Depuis près d'une semaine, la police rhénane évacue les occupants de Hambach, près de Cologne. Ces militants écologistes défendent une forêt millénaire, promise à une destruction imminente pour l'exploitation par un géant de l'électricité d'un charbon très polluant, le lignite.
La vidéo, prise ce week-end dans la forêt de Hambach, près de Cologne, a fait le tour des réseaux sociaux. On y voit une militante écologiste tout juste délogée d’un arbre par la police. L’air éreinté, la voix fêlée, la gorge nouée, elle s’adresse longuement aux fonctionnaires casqués à ses côtés – et ils l’écoutent en silence. «Vous croyez sans doute avoir gagné. Mais vous n’avez pas gagné, car cette forêt et cette terre, vous en avez besoin vous aussi.»
L’Allemagne devra bientôt composer avec le pénible souvenir de l’évacuation de la forêt de Hambach. Depuis des jours, des forces de l’ordre surnuméraires expulsent des militants écologistes agrippés à des arbres. La police accède ainsi à la requête du géant de l’électricité RWE, soutenu par les autorités politiques locales, dont l’ambition est de raser la forêt afin de produire toujours plus de ce charbon très polluant : le lignite. En résumé, on retrouve tous les ingrédients des luttes écologistes.
Hambach, surnommée affectueusement «Hambi», se trouve à cinquante kilomètres de Cologne. C’est l’une des plus anciennes forêts d’Allemagne. Agée de 12 000 ans, riche de quelque 140 espèces protégées, elle est promise à une disparition certaine. Le groupe de production d’électricité RWE, qui en est propriétaire depuis 1978 et qui en a déjà détruit 90%, souhaite raser bientôt 100 des 200 hectares restants afin de permettre l’expansion d’une mine de lignite à ciel ouvert.
Travaux fatals
Hambach est aussi l’une des plus anciennes ZAD d’Europe. Les premiers occupants sont arrivés en 2012. Au fil des ans les ont rejoints des hippies, des anars, des punks, des défenseurs de la cause animale, des militants LGBT+, des antifas, faisant de «Hambi» une zone à défendre autant qu’une utopie sylvestre. Tous ces gens ont construit des cabanes, vécu en communauté, nettoyé la forêt de ses déchets, tenté de mettre des bâtons dans les roues de RWE – avec plus ou moins de bonheur. Mais depuis ce week-end, le Goliath de l’électricité a gagné : dimanche, on comptait neuf blessés chez les zadistes, et 34 interpellations. Peu à peu la ZAD se vide, les quartiers aux noms pittoresques qui la constituaient sont démantelés.
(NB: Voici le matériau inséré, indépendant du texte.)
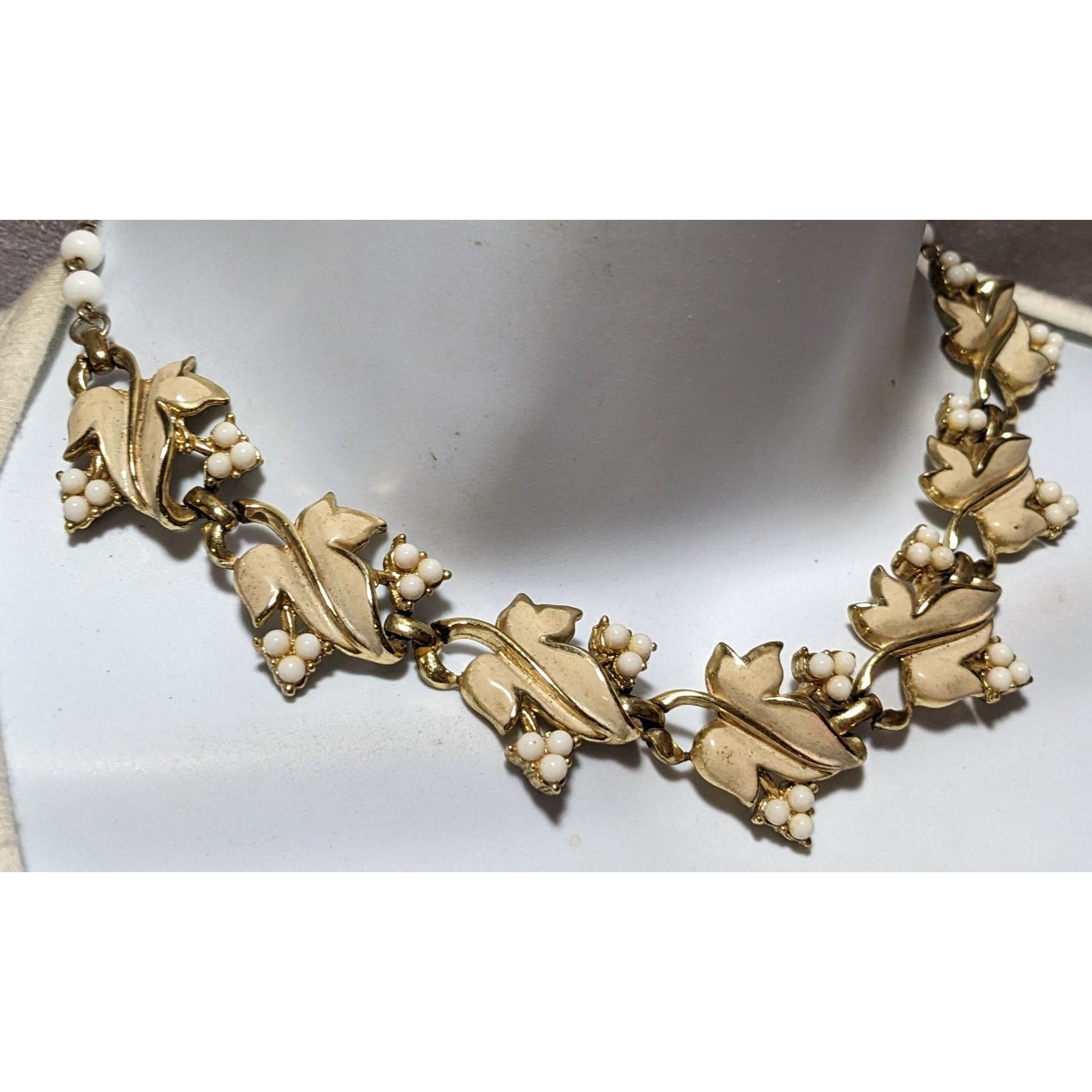 Other Vintage 50s Beige Leaf Floral Coro Necklace Size ONE SIZE - 7 Thumbnail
Depuis quelques semaines, la rumeur bruissait d’une intervention policière de grande ampleur. Tout le monde savait que les travaux de déboisement d’octobre seraient fatals. Mais les arguments invoqués pour justifier l’évacuation n’ont pas manqué de surprendre. RWE estime que les cabanes dans les bois construites par les militants «contreviennent aux normes incendie». Un danger opportunément découvert au terme de six ans d’occupation.
Mais cette évacuation ne se fait pas sans résistance. Ce week-end, une manifestation de soutien à Hambach a rassemblé près de 5 000 personnes. «Soulignons que ces gens ne sont pas venus à l’appel d’associations de défense de l’environnement. Ils sont venus protester spontanément et pacifiquement. On sent un réel et nouveau mouvement de défense de la nature en Allemagne», estime Ann-Kathrin Schneider, experte énergie et climat pour l’Union pour l’environnement et la protection de la nature en Allemagne (Bund). Elle ajoute que de manière générale, l’opinion allemande est hostile au charbon.
Enjeu crucial
Chez les politiques, en revanche, on se garde d’évoquer le sujet, la chancelière étant engluée dans une énième querelle avec son ultraconservateur ministre de l’Intérieur, Horst Seehofer (le différend concerne cette fois le sort du patron des renseignements intérieurs, Hans-Georg Maassen). Ce dernier, dont les liens avec l’extrême droite sont étroits, avait sérieusement mis en doute la réalité des chasses à l’homme à Chemnitz.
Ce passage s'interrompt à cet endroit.